3 red flags that undue influence changed a will

On Behalf of | May 21, 2018 | Probate Litigation

Wills are there to protect a person’s assets as well as to provide for heirs and beneficiaries. For many, the will gives them a chance to give orders and requests for the time following death.

Unfortunately, this legal document could be influenced by someone outside the family or intended heirs, causing trouble upon the elder’s death. Here are three red flags to look for.

1. A new or unheard of party is listed in the will

The first thing that might trigger a concern about undue influence is if the will changed and now includes a new person whom you’ve never heard of or who only recently befriended your parent. It’s possible that this new person manipulated or coerced your parent into changing his or her will, so that the party would benefit from his or her death.

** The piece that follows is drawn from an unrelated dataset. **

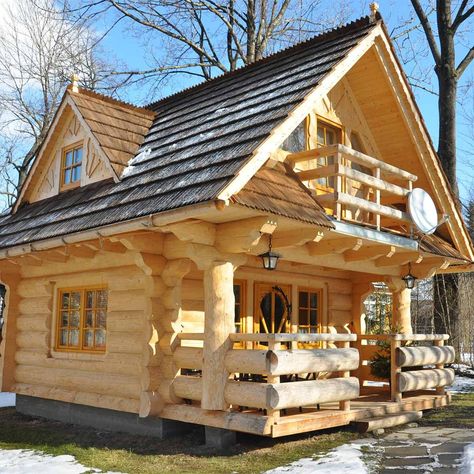 little-log-house Mini Chalet, Tiny Log Cabins, Tiny Log Cabin, Small Log Homes, Log Cabin Ideas, Small Log Cabin, Cabin Kits, Tiny Cabins, Little Cabin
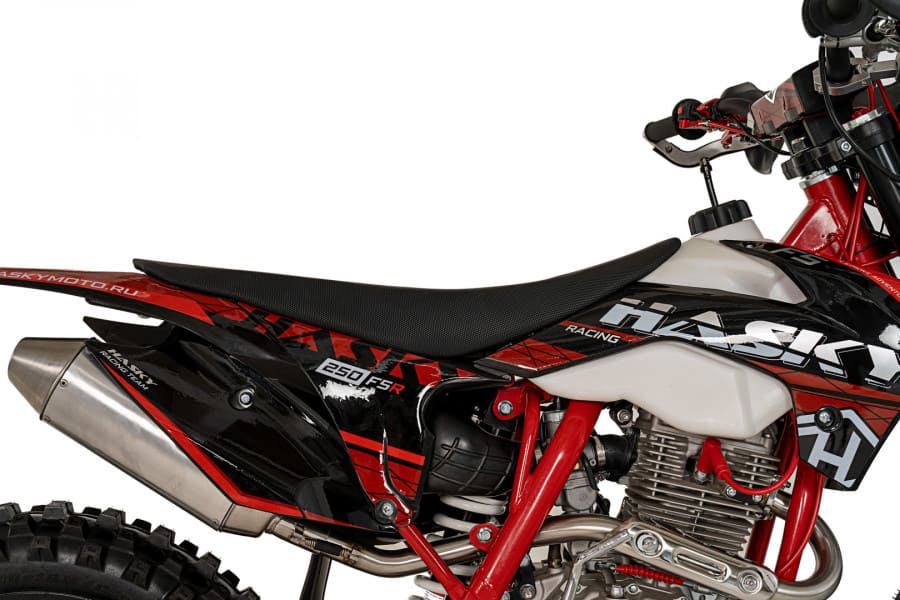 Мотоцикл кроссовый эндуро HASKY F5 Racing 169FMM 250 2023 Фото 8 Мотоцикл кроссовый эндуро HASKY F5 Racing 169FMM 250 2023 Обзор-Фото 8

That’s not to say that everyone in a will is going to be someone you know or that your parent doesn’t have a right to add someone at the last minute. Keep in mind the person’s relationship with your parent and the length of time it was known.

2. The will changed since your parent last updated you

If your parent regularly updated you on changes to the will, it’s a good idea to look into any changes that happened since your last update. If you signed as a witness, for example, only a year ago but see a new witness and changes to the will in the newest form, you may wish to discuss what happened with your parent’s attorney and then your own. There could be a party who influenced your loved one to change his or her will unexpectedly.

3. The will is not what you expected

The reality is that not every will is going to be what the heirs expect. For instance, a parent with a great deal of money may wish to make his or her heirs work for theirs, gifting a majority of the assets to charity instead of to the heirs. Likewise, a favored child might end up with more than the others despite doing less for the parent in his or her old age.

Keep in mind that this is relatively normal, but if there are changes that don’t add up, you might want to take a closer look. For example, a child who hasn’t spoken to a parent in 15 or 20 years may suddenly appear on the will, which would be unusual particularly if the parent was disowning or negative about the potential heir.

There are always ways for people to cause undue influence, and someone might try with a person you love. Keep an eye out for unusual changes to a will, and investigate them if they occur.